Caption-style text data

***

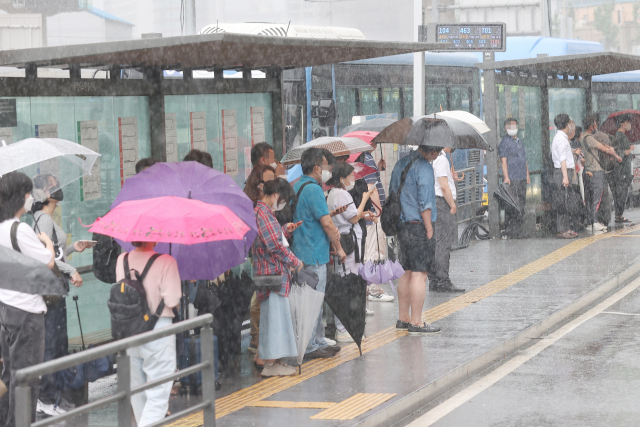 폭우로 서울 시내 도로 곳곳이 침수된 30일 오후 서울역 버스정류장에서 시민들이 버스를 기다리고 있다. 연합뉴스
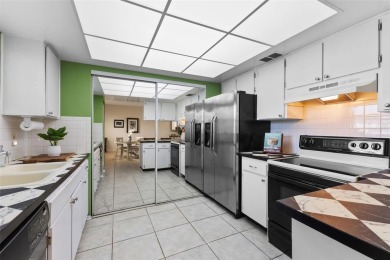 Experience easy Florida living in this bright and spacious on Tarpon Springs Golf Course in Florida - for sale on GolfHomes.com, golf home, golf lot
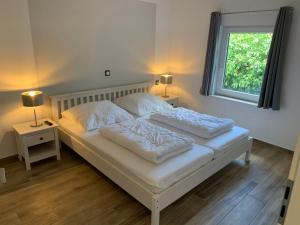卡尔斯哈根Quartier Usedom的卧室内的一张带两个枕头的白色床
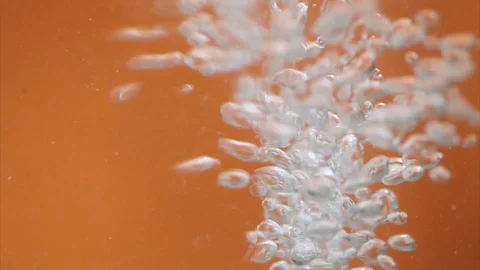 Bubbles in the water , Orange background Stock Footage 113406881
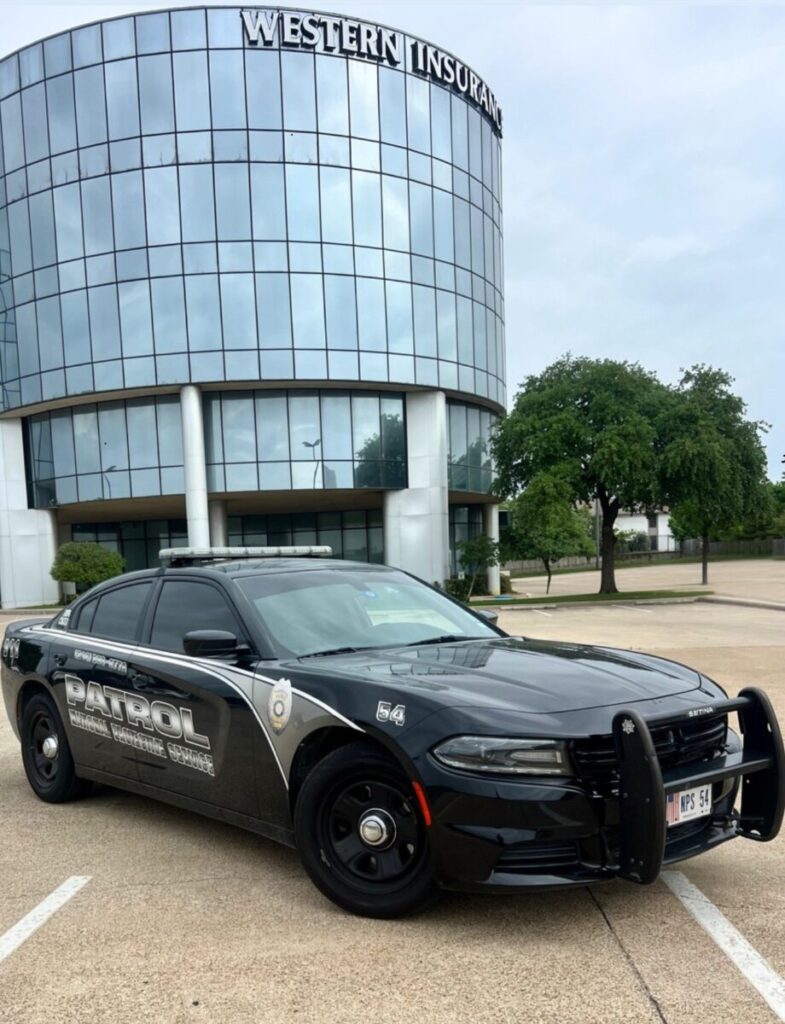 A black police patrol car parked in front of a glass office building labeled "Western Insurance.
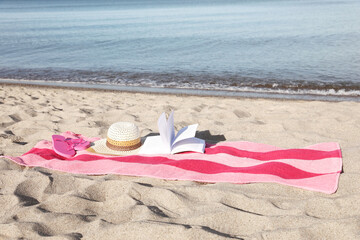 Wall Mural - Beach towel with book, slippers and straw hat on sand near sea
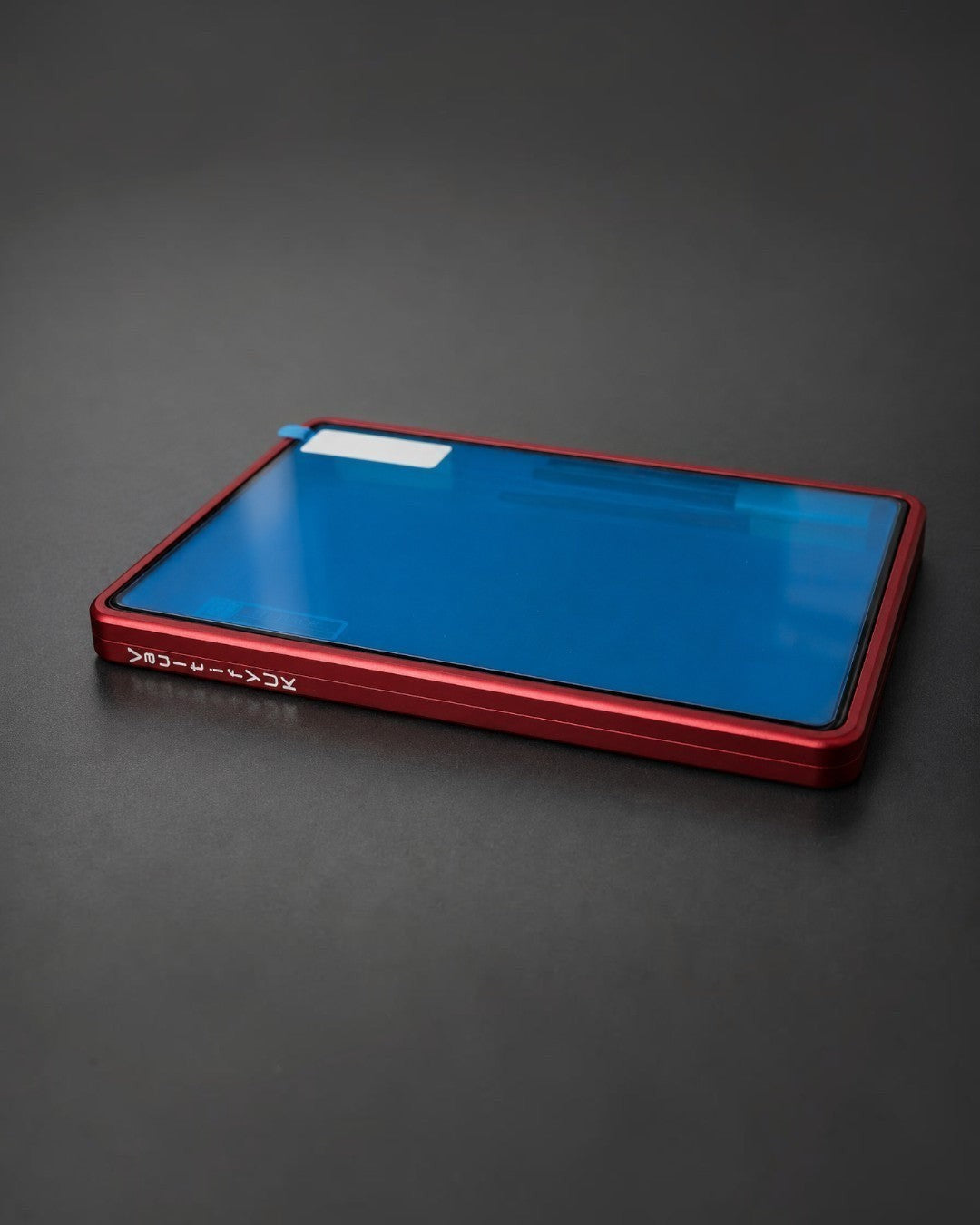 VaultifyUK Showcase red aluminium BGS slab display case with a protective blue film on the clear viewing panel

***

Apart from the images, the entries above must be returned without alteration.

Answer below »
 폭우로 서울 시내 도로 곳곳이 침수된 30일 오후 서울역 버스정류장에서 시민들이 버스를 기다리고 있다. 연합뉴스
 Experience easy Florida living in this bright and spacious on Tarpon Springs Golf Course in Florida - for sale on GolfHomes.com, golf home, golf lot
卡尔斯哈根Quartier Usedom的卧室内的一张带两个枕头的白色床
 Bubbles in the water , Orange background Stock Footage 113406881
 A black police patrol car parked in front of a glass office building labeled "Western Insurance.
 Wall Mural - Beach towel with book, slippers and straw hat on sand near sea
 VaultifyUK Showcase red aluminium BGS slab display case with a protective blue film on the clear viewing panel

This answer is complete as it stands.